Con la creación del Consejo Consultivo estatal y las instancias municipales, el Congreso local busca blindar el desarrollo económico con un enfoque profundamente comunitario, sostenible y de respeto a los pueblos originarios.
YUSETT YÁÑEZ/PORTAVOZ
En un movimiento estratégico que promete redefinir el rumbo económico y social de la entidad, el Congreso del Estado de Chiapas aprobó por unanimidad una serie de reformas de gran calado a la Ley de Turismo del Estado. Esta iniciativa no solo reestructura los organismos rectores del sector, sino que devuelve el protagonismo a las comunidades locales, estableciendo las bases para una promoción internacional sin precedentes a través de la creación legal de la “Marca Destino”.

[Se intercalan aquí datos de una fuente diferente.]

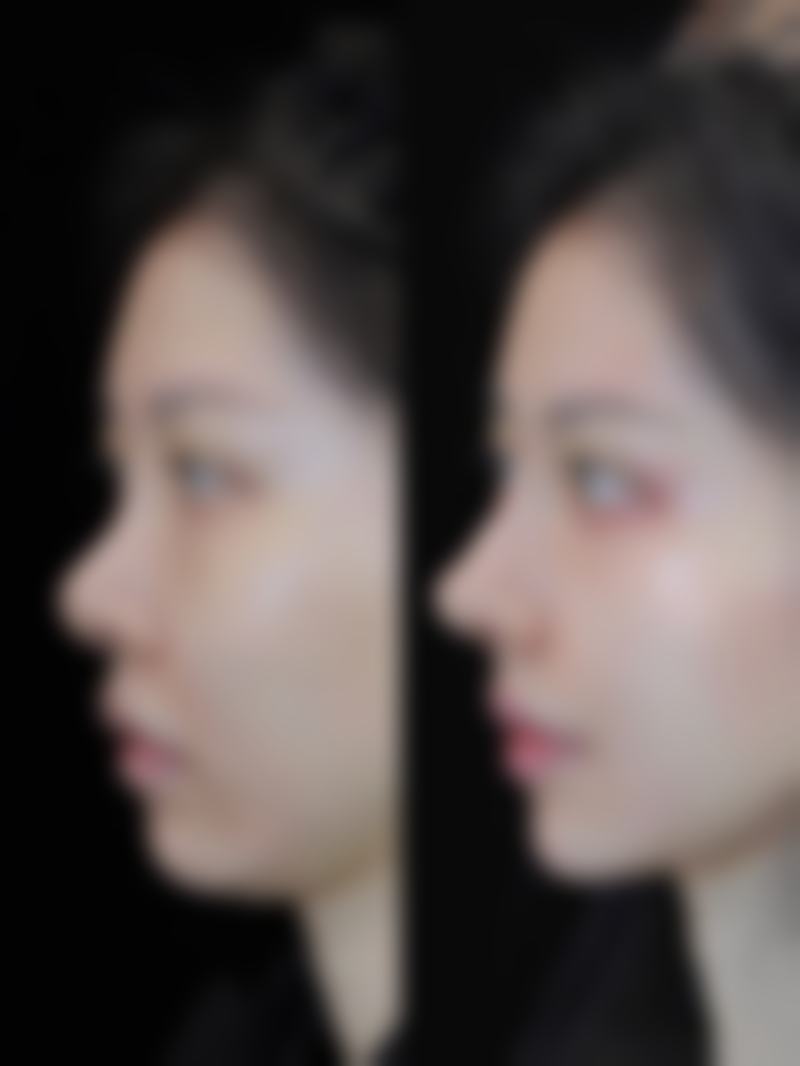 【四、深圳弘美医疗美容机构交通路线指南与预约挂号流程】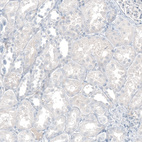 Anti-CXCL13 Antibody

La reforma, que modifica sustancialmente los artículos 5, 8, 9, 11, 13, 15, 16, 17, 18, 19, 20, 21, 22, 23, 34, 40 y 70 del marco legal vigente, responde a una demanda histórica del sector: transitar de un modelo de ocurrencias a una política de Estado planificada, transversal y con un arraigo profundamente regional.
Uno de los cambios más significativos de esta reforma es la transformación del antiguo Comité de Desarrollo Turístico en el nuevo Consejo Consultivo de Turismo del Estado de Chiapas. Más allá de un simple cambio de nombre, esta modificación le otorga un robusto rango legal como un órgano permanente de consulta, participación ciudadana y planeación estratégica.
A diferencia del esquema anterior, la integración del nuevo Consejo Consultivo se amplía notablemente para garantizar una verdadera gobernanza democrática. A partir de ahora, la mesa de decisiones contará con la participación activa de:
-Poder Ejecutivo y Poder Legislativo: Para asegurar la sincronía política y presupuestal.
-Consejos Municipales: Llevando la voz directa de las regiones a la mesa central.
-Universidades e instituciones educativas: Aportando investigación, innovación y profesionalización.
-Sector privado turístico y empresarial: Cámaras hoteleras, agencias de viajes y restauranteros que arriesgan su capital en el estado.
Entre sus funciones reforzadas, este Consejo tendrá la tarea de evaluar meticulosamente los indicadores de la industria, emitir comunicados de prevención en materia de seguridad o contingencias, coordinar los comités técnicos del Plan Estatal de Turismo y, de manera prioritaria, garantizar el irrestricto respeto a los derechos de los pueblos originarios.
La reforma entiende que el turismo se vive y se construye en lo local, por ello, los antiguos comités locales se transforman en Consejos Municipales de Turismo. Estas instancias trabajarán codo a codo con los cabildos locales bajo una nueva premisa: la región económica turística. Esta figura jurídica permitirá que varios municipios se agrupen para diseñar y ejecutar políticas públicas compartidas, optimizando recursos y creando corredores turísticos más atractivos.
Los nuevos Consejos Municipales tendrán la facultad de identificar y proponer zonas con alto potencial turístico dentro de sus territorios, sin embargo, no se tratará de un crecimiento desmedido; la ley mandata que se deban considerar de forma obligatoria criterios de identidad cultural, vocación productiva, biodiversidad y la preservación del patrimonio natural. Con esto, se busca que las ganancias del turismo permeen directamente en las cooperativas comunitarias y no se queden únicamente en las grandes cadenas transnacionales.
En el terreno de la competitividad global, la reforma introduce formalmente el concepto de Marca Destino. Esta herramienta jurídica y de mercadotecnia estratégica blindará la imagen de Chiapas, permitiendo diseñar campañas de posicionamiento y comunicación tanto a nivel nacional como internacional que sean ajenas a los vaivenes políticos de cada sexenio.